La serie è piena di pezzi di musica pop molto carini ed orecchiabili, a cominciare da quelli delle due protagoniste passando poi ai loro avversari durante il talent show (a parte un paio, ma è voluto) sono tutti pezzi molto carini che mirano ad entrare in testa allo spettatore.
La soundtrack scelta dal cantante canadese Mocky porta brani semplicissimi e d’impatto cantati da giovani cantanti in cerca di successo… esattamente come lo sono le due protagoniste.
Tra i tanti devo citare le due artiste che danno la voce alle due protagoniste, Nia Brixx (Carole) e Celina Ann (Tuesday), e la voce del cantato di Angela, la loro rivale, Alisa.
Da sottolineare è sicuramente la grossa paraculata mediatica di inserire tutti i brani una sola volta nel corso delle 12 puntate finora uscite su Netflix ad eccezione della prima canzone del duo di protagonista: The Lonlinest Girl, in modo che sia quella che entrerà maggiormente nella testa degli spettatori. Bravi ragazzi di Bones, questa mi è piaciuta.
Carole & Tuesday è una serie molto semplice e rilassante, piacevole da guardare e soprattutto da ascoltare.

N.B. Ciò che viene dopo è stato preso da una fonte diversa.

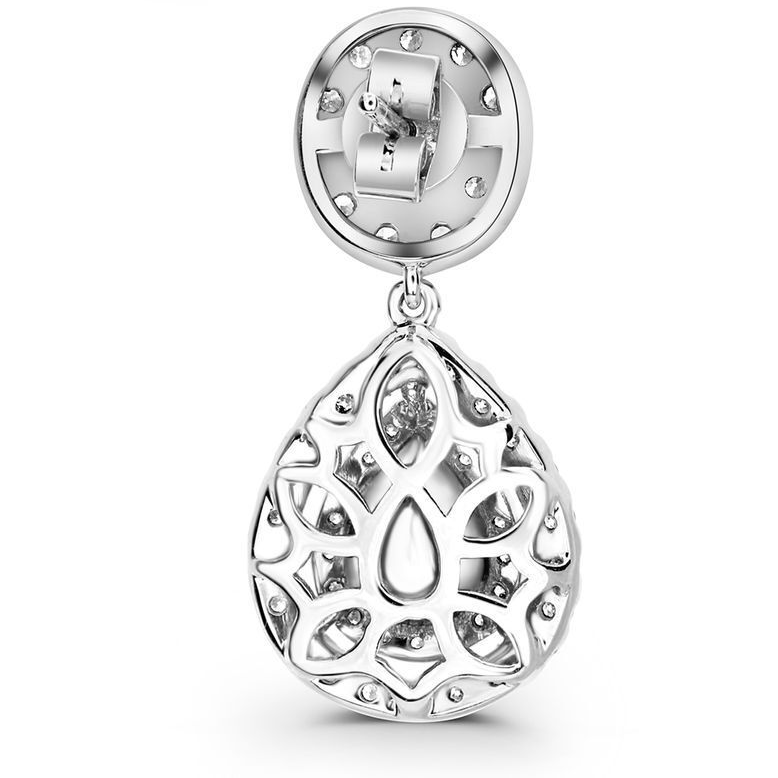 Pear Shape Sapphire Earring — view 4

Forse intesa più come un esercizio di stile dal suo autore, che ha fatto molto di meglio in carriera, aspetto di vedere la seconda parte della serie prima di pronunciarmi ulteriormente, ma per adesso posso apprezzarne l’ottima caratterizzazione dei personaggi, la leggerezza con cui vengono trattati gli argomenti e il tentativo, non nuovo al lavoro di Watanabe, di approcciarsi alla cultura pop occidentale da un punto di vista diverso dal solito.
Consiglio vivamente la visione, scorre leggera e senza troppo impegno. Inoltre è divertente notare le frecciatine che Watanabe tira alle meccaniche dello show business in generale e alle critiche verso gli anime.